» **Instructions to follow**: What are the lines, word for word, from the line with "Coral Bay Beach" up to and including the line with "HHIEP.X1 - Nước" in the records below? Omit the pictures.
========
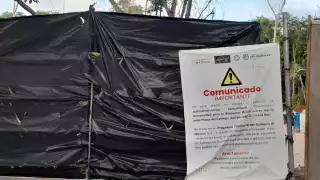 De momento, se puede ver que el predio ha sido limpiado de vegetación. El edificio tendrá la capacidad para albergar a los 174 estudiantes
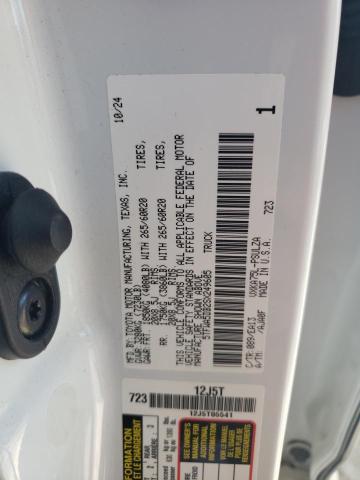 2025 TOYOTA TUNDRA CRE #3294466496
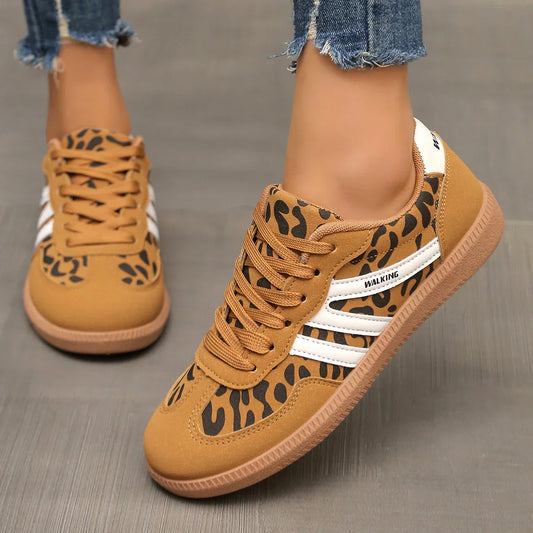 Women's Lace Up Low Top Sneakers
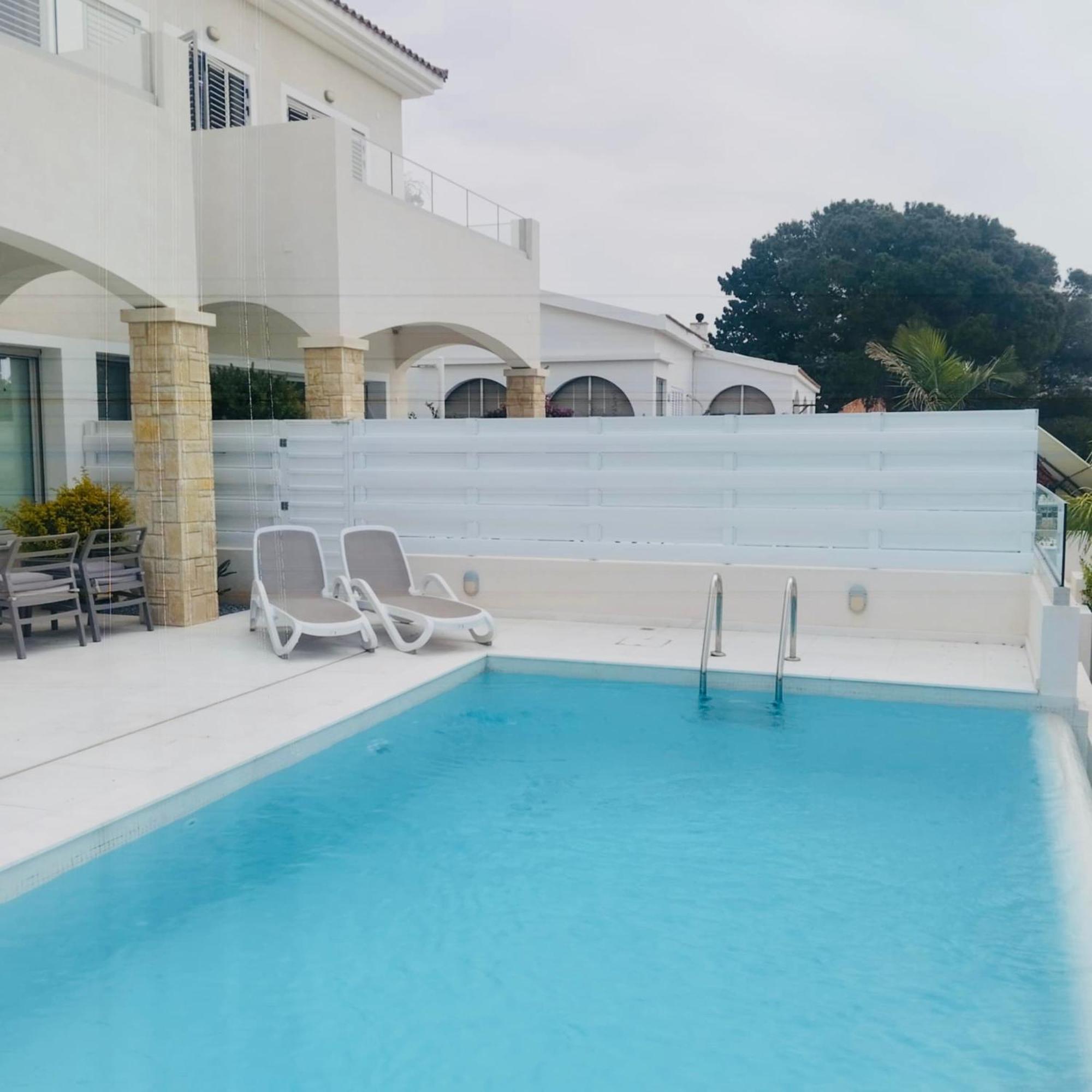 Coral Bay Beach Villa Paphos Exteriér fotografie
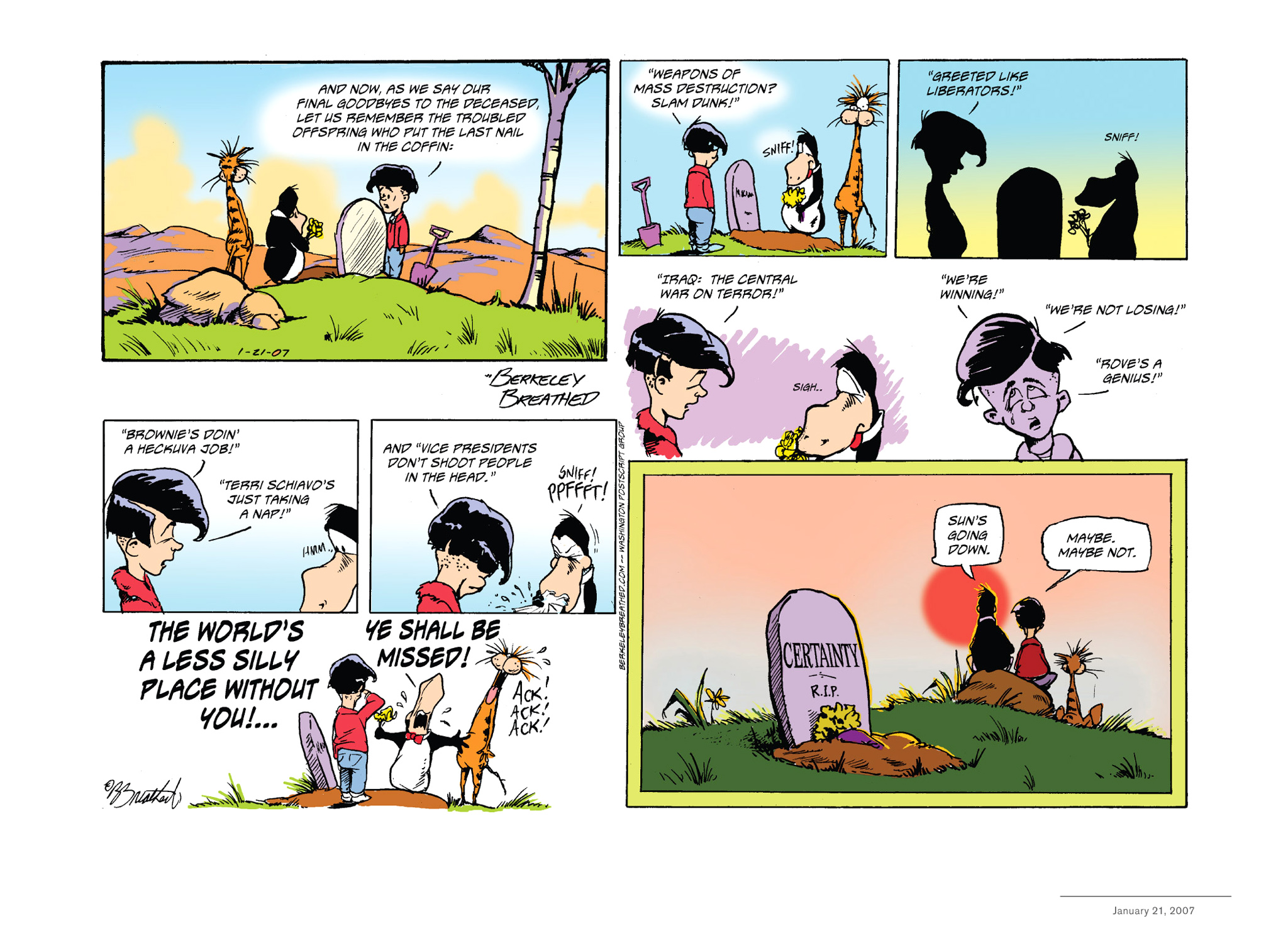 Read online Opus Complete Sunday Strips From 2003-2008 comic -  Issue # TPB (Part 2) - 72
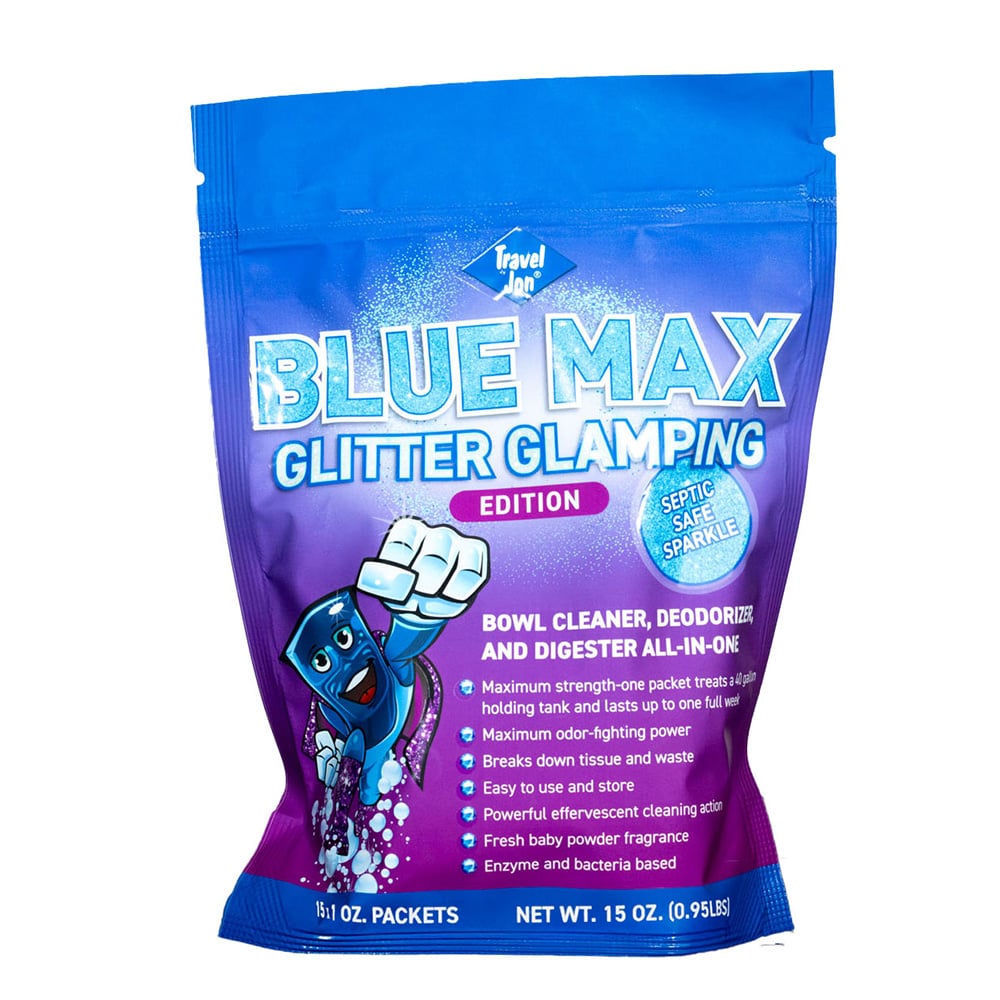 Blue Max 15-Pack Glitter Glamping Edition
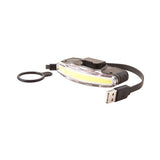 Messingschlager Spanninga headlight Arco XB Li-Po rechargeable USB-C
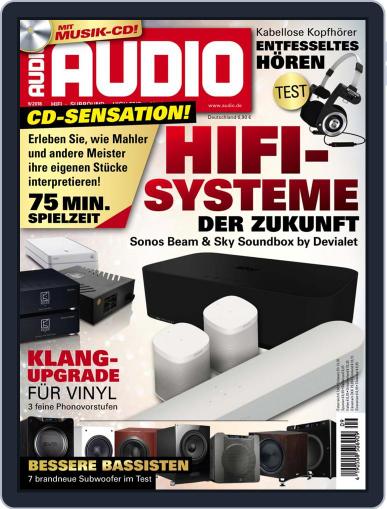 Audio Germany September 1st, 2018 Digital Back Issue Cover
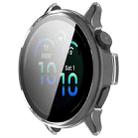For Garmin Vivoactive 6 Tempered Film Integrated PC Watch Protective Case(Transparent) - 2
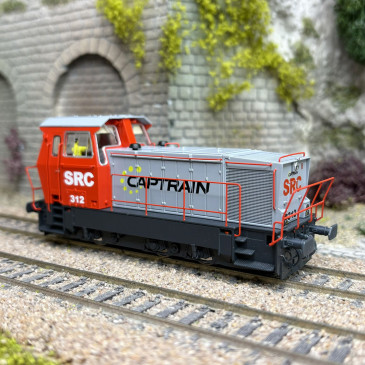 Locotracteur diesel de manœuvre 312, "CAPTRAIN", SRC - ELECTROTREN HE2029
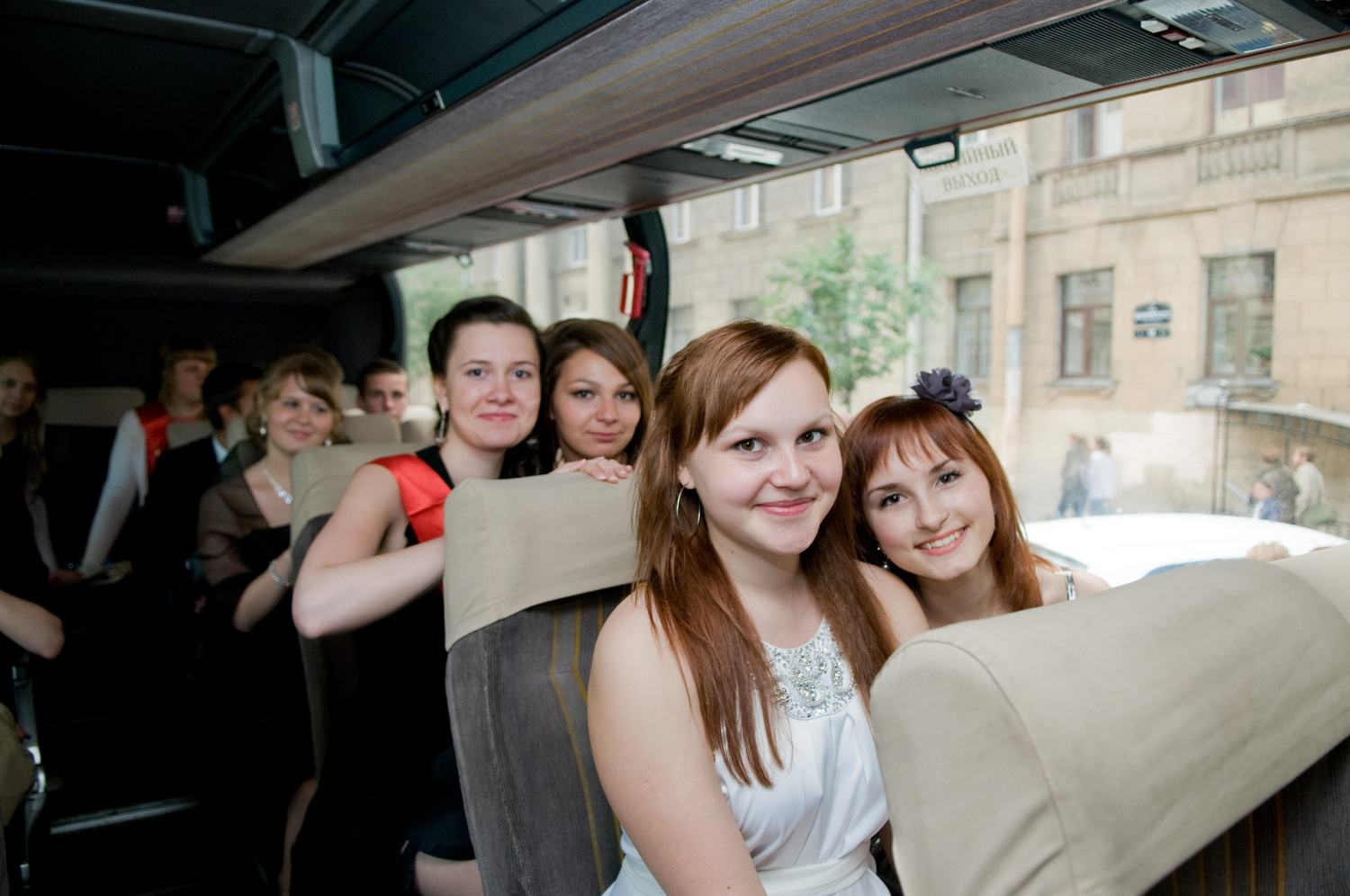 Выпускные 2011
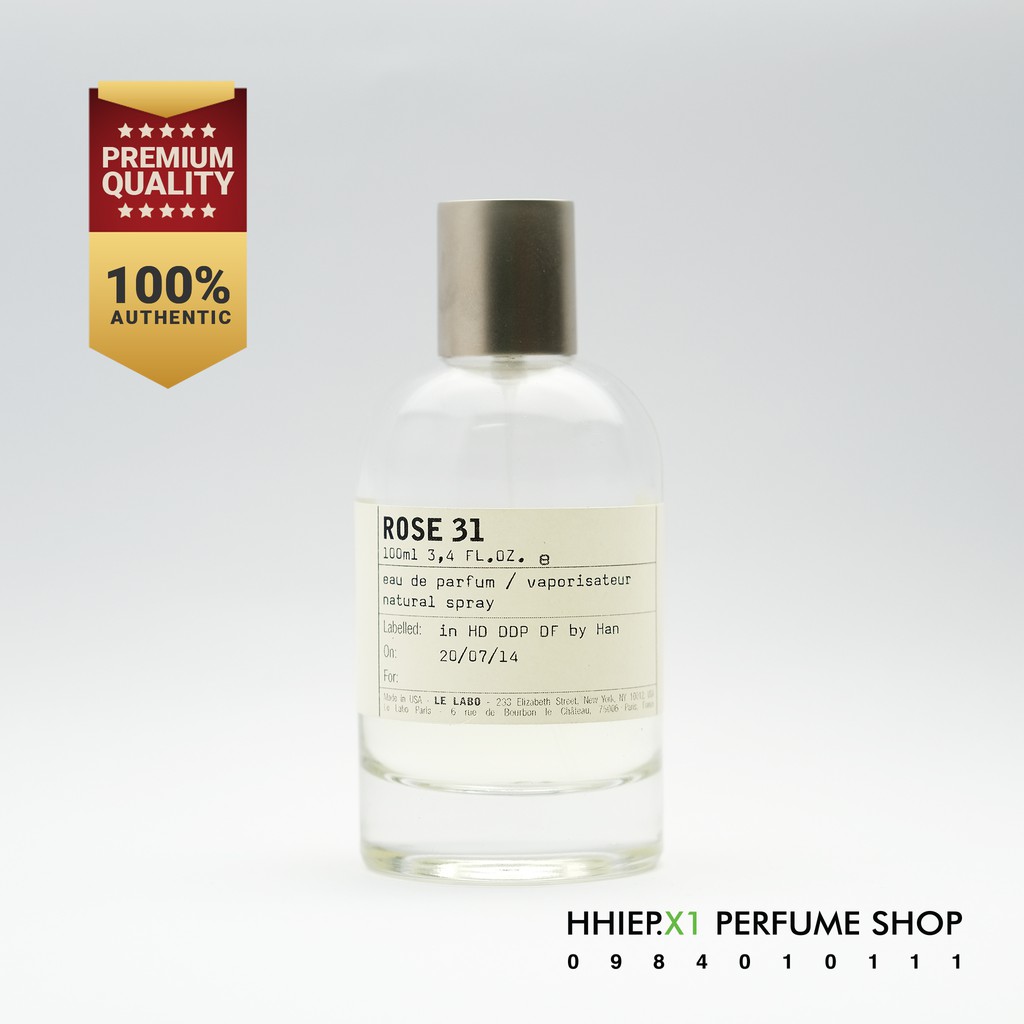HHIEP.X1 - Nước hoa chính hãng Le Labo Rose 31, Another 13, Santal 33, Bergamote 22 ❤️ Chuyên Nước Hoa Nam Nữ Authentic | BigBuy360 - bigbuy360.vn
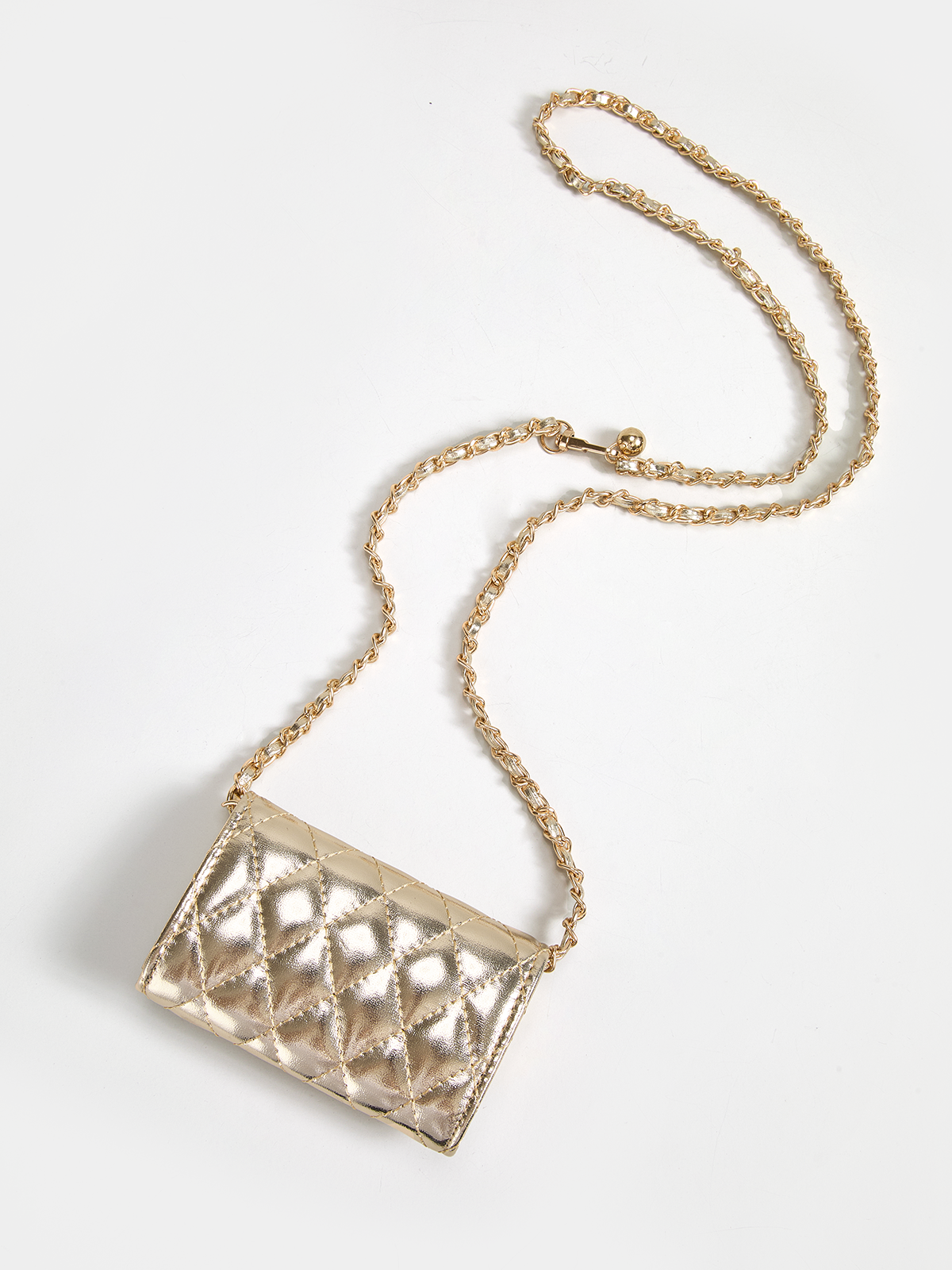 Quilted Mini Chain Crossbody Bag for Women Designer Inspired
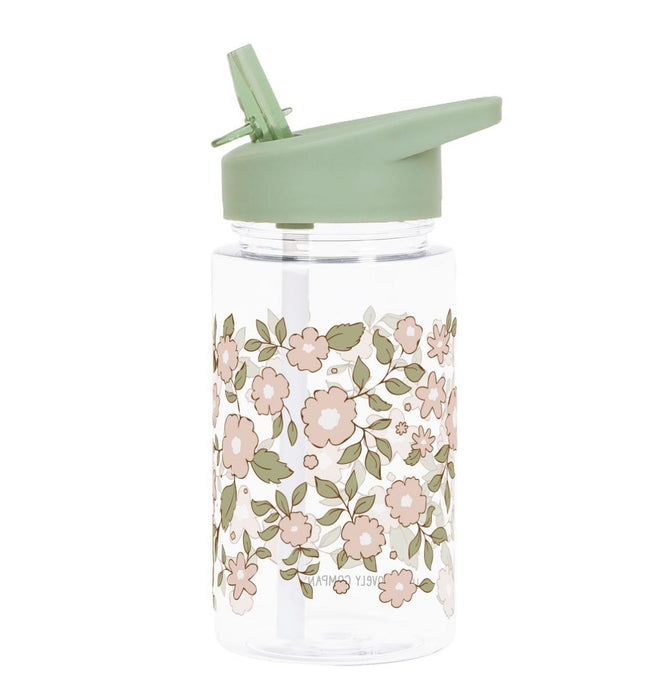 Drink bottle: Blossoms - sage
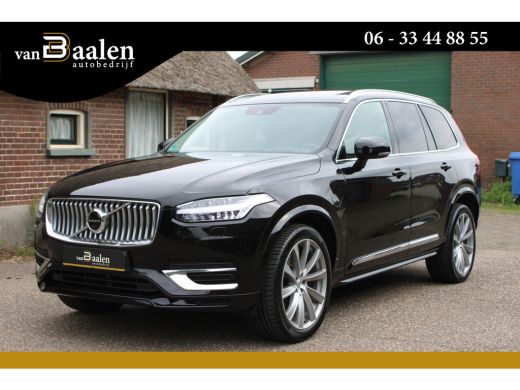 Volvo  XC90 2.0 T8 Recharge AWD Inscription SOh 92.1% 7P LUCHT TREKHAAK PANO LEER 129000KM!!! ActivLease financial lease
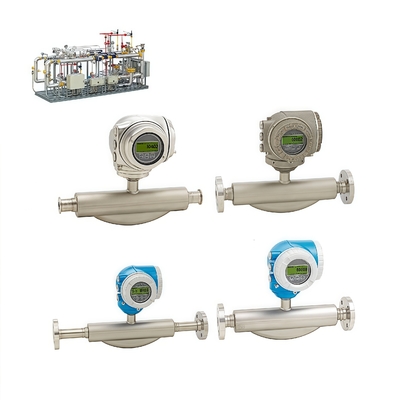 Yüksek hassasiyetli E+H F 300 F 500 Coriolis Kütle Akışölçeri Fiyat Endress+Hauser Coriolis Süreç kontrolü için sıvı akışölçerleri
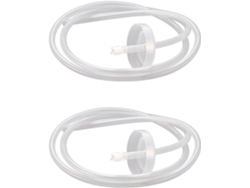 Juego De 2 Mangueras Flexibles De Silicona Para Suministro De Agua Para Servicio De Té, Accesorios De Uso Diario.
========
» **Written reply**:
 Coral Bay Beach Villa Paphos Exteriér fotografie
 Read online Opus Complete Sunday Strips From 2003-2008 comic -  Issue # TPB (Part 2) - 72
 Blue Max 15-Pack Glitter Glamping Edition
 Messingschlager Spanninga headlight Arco XB Li-Po rechargeable USB-C
 Audio Germany September 1st, 2018 Digital Back Issue Cover
For Garmin Vivoactive 6 Tempered Film Integrated PC Watch Protective Case(Transparent) - 2
 Locotracteur diesel de manœuvre 312, "CAPTRAIN", SRC - ELECTROTREN HE2029
 Выпускные 2011
HHIEP.X1 - Nước hoa chính hãng Le Labo Rose 31, Another 13, Santal 33, Bergamote 22 ❤️ Chuyên Nước Hoa Nam Nữ Authentic | BigBuy360 - bigbuy360.vn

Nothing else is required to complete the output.